There is a real demand for this kind of redistribution. Helping people who are unemployed or with low incomes is intrinsically valuable. We like doing it, and we like knowing that a system of help is there if we need it.

This demand fluctuates over time. Democrats had quite a streak of winning federal elections: taking the House and Senate in 2007 and then winning the White House twice in a row.

Even if somehow Democrats hadn't won these elections, we would still have had redistribution in a crisis. For most of our lifetimes, middle-class people did not imagine themselves participating in, say, the food-stamp program, and understandably were not particularly supportive of expanding it. But 2008 was different, and for the first time lots of people were thinking about what might happen if their family suddenly became poor or unemployed.

Helping people is valuable but not free. The more you help low-income people, the more low-income people you'll have. The more you help unemployed people, the more unemployed people you'll have.

That's a cost. For example, you have people out of work who would be productive if it weren't for the help. So there's a trade-off: more help, less economic efficiency.

I met a recruiter—a man whose job it is to find employees for businesses and put unemployed people into new jobs—and he described the trade-off pretty well. Stacey Reece was his name, and he said that in 2009 his clients again had jobs to fill. But he ran into a hurdle he hadn't seen before. People would apply for jobs not with the intention of accepting it, but to demonstrate to the unemployment office that they were looking for work.

As Mr. Reece described it, the applicants would use technicalities to avoid accepting a position. The applicants would take Mr. Reece through the arithmetic of forgone benefits, taxes, commuting costs and conclude that accepting a job would net them less than $2 per hour, so they'd rather stay home.

People remain unemployed longer, as Mr. Reece saw with his own eyes.

Friedrich Hayek's "Use of Knowledge in Society" explains how economic information is not and cannot be fully known by a single person. That information exists "solely as the dispersed bits of incomplete and frequently contradictory knowledge which all the separate individuals possess." Mr. Reece is one of those separate individuals. Most policy makers were not and are not aware of what Mr. Reece was seeing. Most of those who voted Democrats into the Senate, the House and the presidency were not aware.
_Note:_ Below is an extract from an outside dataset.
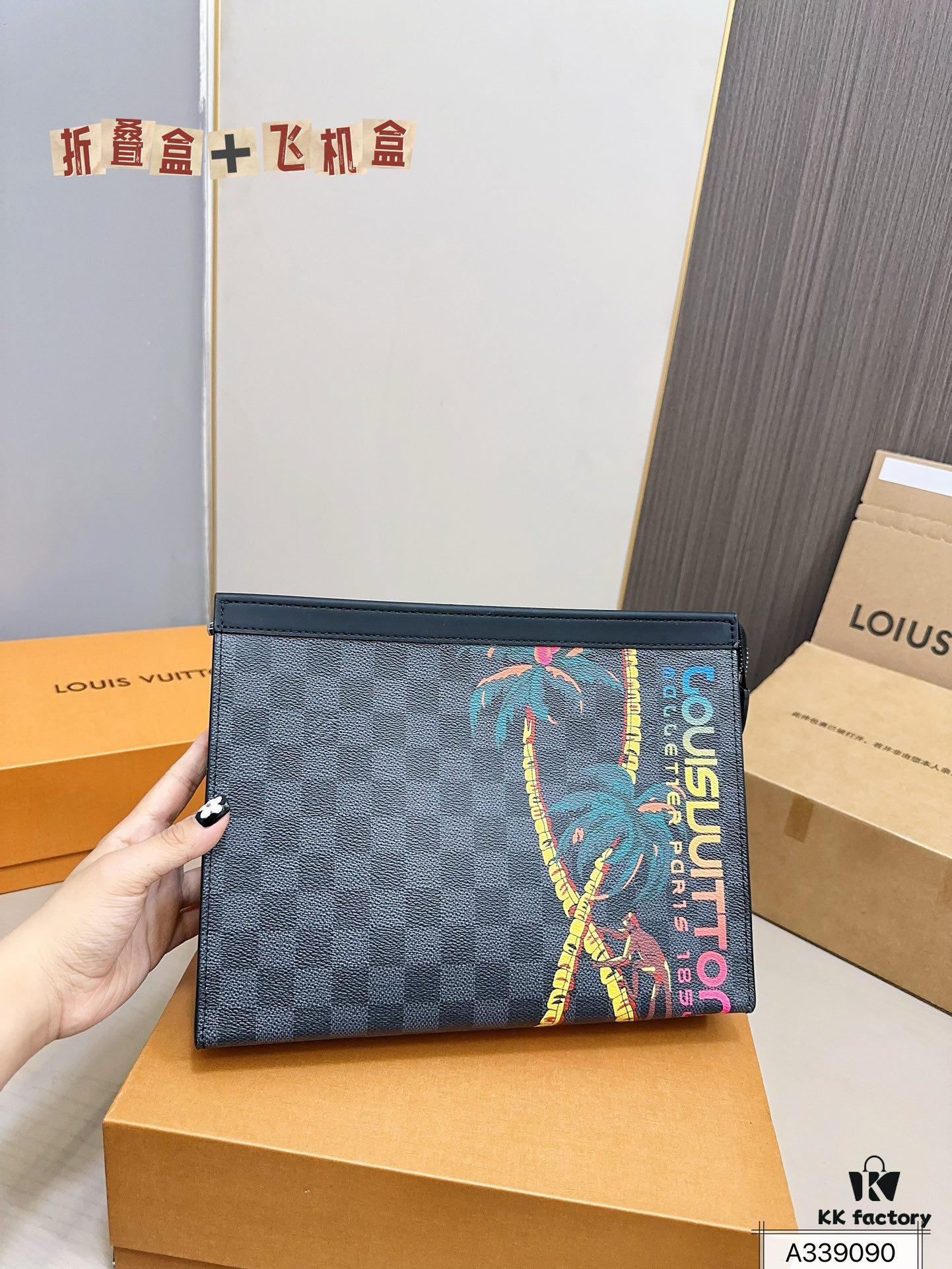 LV Men's Clutch Bag, Full Packaging, Dimensions 28 x 22
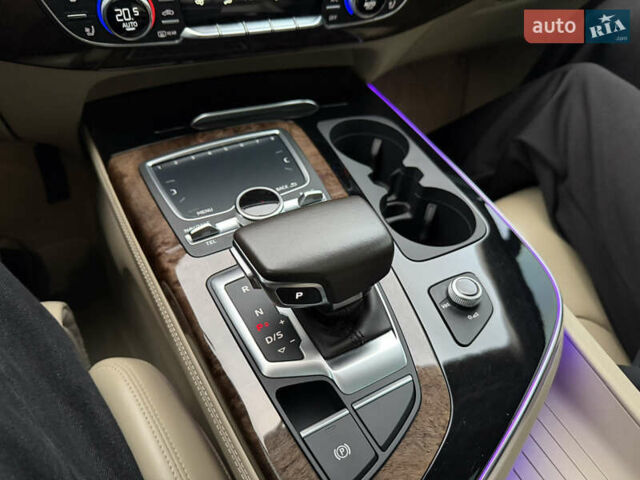 Синий Ауди Ку 7, объемом двигателя 3 л и пробегом 132 тыс. км за 33333 $, фото 26 на Automoto.ua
But as Hayek would tell you, it's not simply a matter of putting Mr. Reece in charge. It's impossible for me or anyone else to tell you all of the things that Mr. Reece doesn't see, but let me name three. First, Mr. Reece doesn't mention many other new and expanded programs with the same economic character, such as food stamps, mortgage assistance or health-insurance subsidies.

Second, Mr. Reece's perspective comes with some judgment; his story makes the unemployed seem a bit lazy or ungrateful. But you could just as well say that this situation arises from the employer's failure to up his bid so that it competes better with unemployment benefits. My point here is not to assign fault but to illustrate that a lot of different actors contribute to market outcomes.

Third, Mr. Reece is in charge of hiring, not firing. If we had more time to look at what businessmen had to say about the government's fiscal stimulus, I would show you statements from those making decisions about layoffs. They explain how the new and expanded programs for the unemployed and poor were subsidizing layoffs—they were making layoffs cheaper.

Unlike state unemployment-insurance benefits that are sometimes a kind of liability for the employer writing the pink slip, the federal unemployment-insurance expansions were paid by taxpayers generally, which means that an employer could lay off as many people as he wanted without adding to his federal tax burden.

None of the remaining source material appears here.